Some of the lines below need repeating. Reproduce exactly those between the lines holding "Casual Sets for" and "Screw in Tent", inclusive.

STORED DATA:

□ □ □ □ □

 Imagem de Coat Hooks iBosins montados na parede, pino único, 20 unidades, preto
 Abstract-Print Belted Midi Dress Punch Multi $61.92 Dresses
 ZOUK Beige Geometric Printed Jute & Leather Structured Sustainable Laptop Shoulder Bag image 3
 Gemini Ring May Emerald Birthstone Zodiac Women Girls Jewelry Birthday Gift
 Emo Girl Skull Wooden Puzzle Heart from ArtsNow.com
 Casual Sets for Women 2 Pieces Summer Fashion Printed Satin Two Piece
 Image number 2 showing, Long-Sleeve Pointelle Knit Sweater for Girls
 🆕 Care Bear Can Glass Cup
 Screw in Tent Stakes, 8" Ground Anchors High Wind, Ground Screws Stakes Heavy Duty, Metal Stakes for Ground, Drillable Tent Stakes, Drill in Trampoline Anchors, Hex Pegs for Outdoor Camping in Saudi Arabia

□ □ □ □ □

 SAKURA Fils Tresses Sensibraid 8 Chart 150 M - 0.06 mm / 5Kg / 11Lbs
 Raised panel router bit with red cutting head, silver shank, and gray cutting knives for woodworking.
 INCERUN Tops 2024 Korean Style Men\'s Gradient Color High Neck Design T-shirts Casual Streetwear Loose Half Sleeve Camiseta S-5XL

□ □ □ □ □

COMPLETED TASK:
 Casual Sets for Women 2 Pieces Summer Fashion Printed Satin Two Piece
 Image number 2 showing, Long-Sleeve Pointelle Knit Sweater for Girls
 🆕 Care Bear Can Glass Cup
 Screw in Tent Stakes, 8" Ground Anchors High Wind, Ground Screws Stakes Heavy Duty, Metal Stakes for Ground, Drillable Tent Stakes, Drill in Trampoline Anchors, Hex Pegs for Outdoor Camping in Saudi Arabia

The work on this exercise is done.